Main Author: Romis, Robbani Amal
Format: Thesis NonPeerReviewed
Terbitan: , 2018
Subjects:
Online Access: http://repository.ub.ac.id/9214/
Daftar Isi:
  • Ruang-ruang dalam kota adalah arena kontesasi kekuasaan. Bagaimana mozaik kota terbentuk, adalah tergantung bagaiman sejarah kontestasi itu bergerak dalam relung-relung sejarah. Revitalisasi Hutan Kota Malabar adalah salah satu proyek yang berbasis pada relasi kuasa-pengetahuan tentang ruang-waktu dalam medan kontestasi itu. Makna “revitalisasi” dan ruang-waktu Hutan Kota Malabar dimaknai dalam berbagai bentuk, tergantung bagaimana kebenaran diproduksi atasnya. Jejak-jejak kuasa dalam situs Hutan Kota Malabar adalah stigmata-stigmata yang menandai bagaiman sengitnya kontestasi itu. Pendekatan genealogi dan arkeologi Foucault digunakan sebagai prinsip utama untuk membedah jejak-jejak kuasa. Kedua prinsip itu digunakan untuk membedah empat stigmata masa lalu kebenaran tubuh: kegilaan, kesehatan, seksualitas dan pendisplinan.
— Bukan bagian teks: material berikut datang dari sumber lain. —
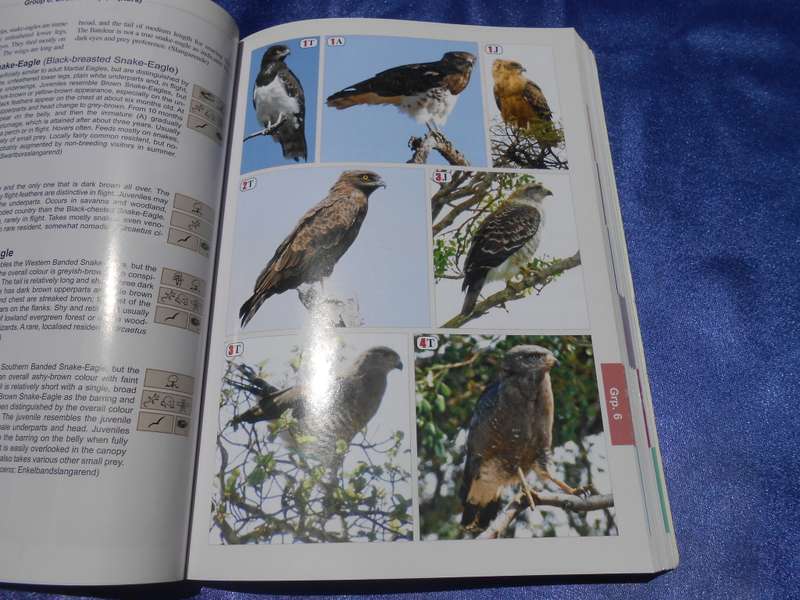 `The Bird Guide of Southern Africa`  Soft cover.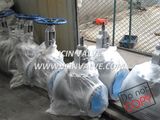 Cast Steel Globe Valve with Plastic Bag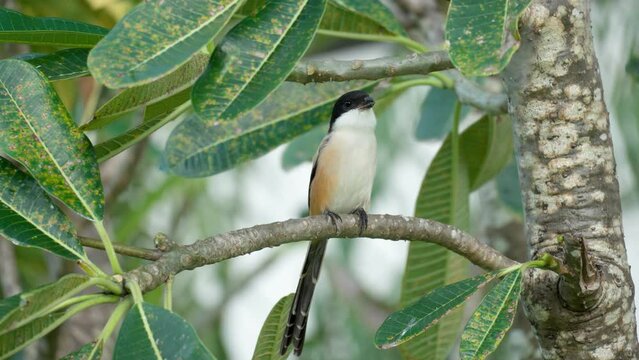 Long-tailed Shrike Chittering Perched on Plumeria Tree - closeup front view
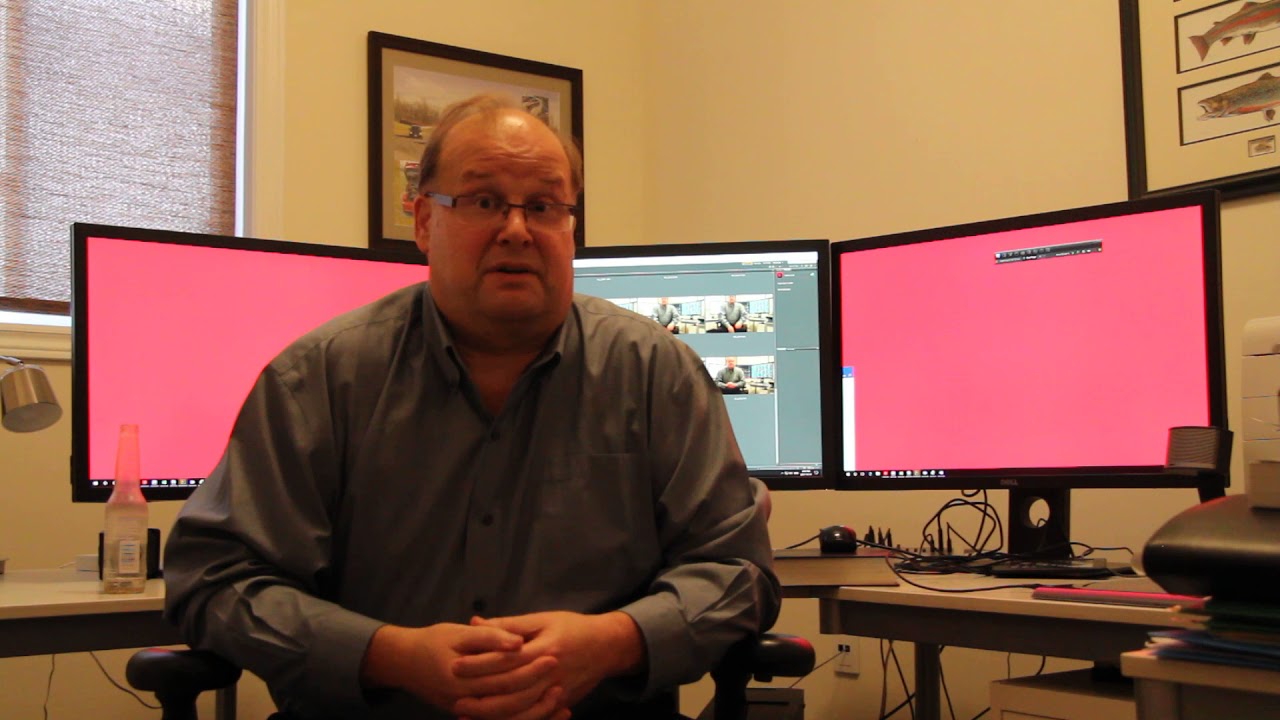 Introduction to the Independent Investor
Keempat konsep ini demikian mengarakterisasi Revitalisasi Hutan Kota Malabar melalui penciptaan teknik-teknik pemograman tubuh. Didasarkan pada aspek-aspek teoretik Michel Foucaul, operasionalisasi analisis dilengkapi dengan metode kritik deskriptif depiktif dan deskriptif kontekstual. Kedua metode bertujuan untuk mengurai relasi antara-antara detail arsitektural Hutan Kota Malabar dengan relasi sosial, kultural dan politik yang mengelilinginya. Berdasarkan analisis, didapatkan hasil bahwa Revitalisasi Hutan Kota Malabar adalah upaya respasialisasi dan reestetikasi Hutan Kota Malabar yang bertujuan untuk mengonstruksi tubuh dalam kerangka idealitas biopolitik neoliberal. Idealitas itu mewujud melalui dua tipe kebenaran: kebenaran negara dan kebenaran pasar. Kedua kebenaran ini mengondisikan ruang-ruang Hutan Kota Malabar menjadi sejenis mesin penegakan stabilitas dan penciptaan kultur konsumsi baru. Resitensi yang mengiringi proses Revitalisasi Hutan Kota Malabar pada kenyataanya tidak mengubah apapun, justru sebaliknya dia justru memberikan kesempatan bagi kedua kebenaran untuk tampil lebih sublim menukik.